▶ **Problem details**
Leave the pictures out. Return all other data exactly.

▶ **Data**
+ + + + + + +

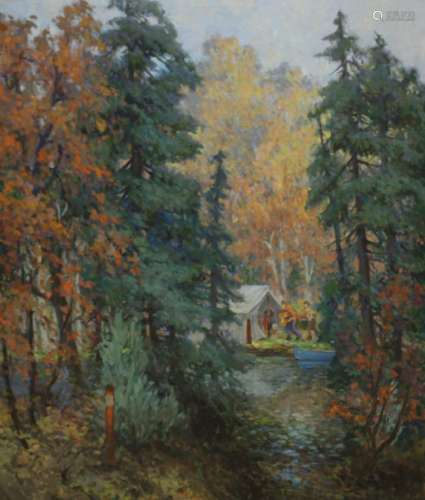 W. A. Drake Oil On Canvas Forest Scene.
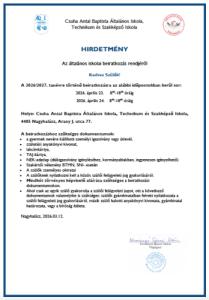 Hirdetmény általános iskolai beiratkozásról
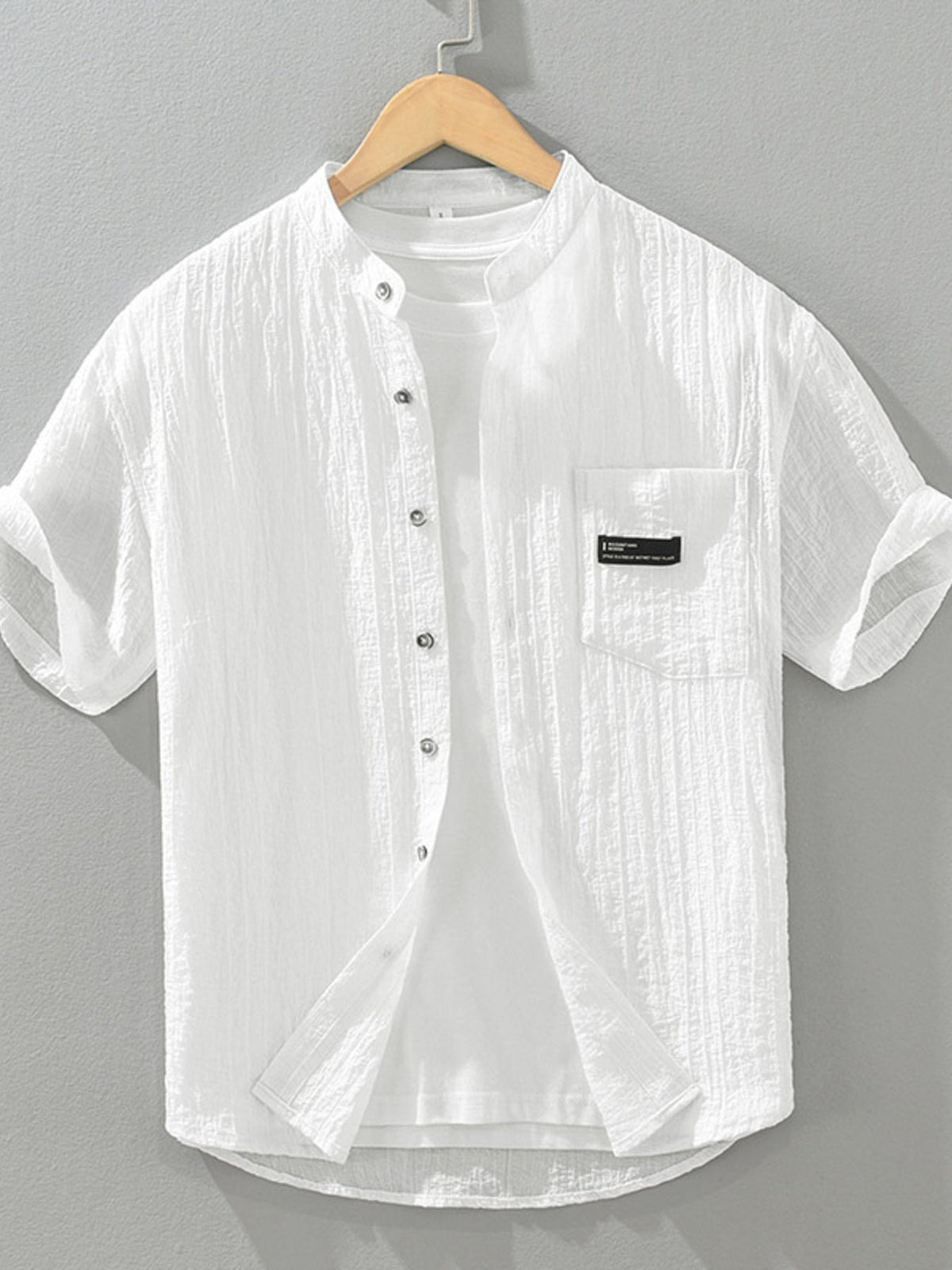 Men's Plus Size Casual Textured Button Up Shirt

+ + + + + + +

▶ **Solution**
 W. A. Drake Oil On Canvas Forest Scene.
 Hirdetmény általános iskolai beiratkozásról
 Men's Plus Size Casual Textured Button Up Shirt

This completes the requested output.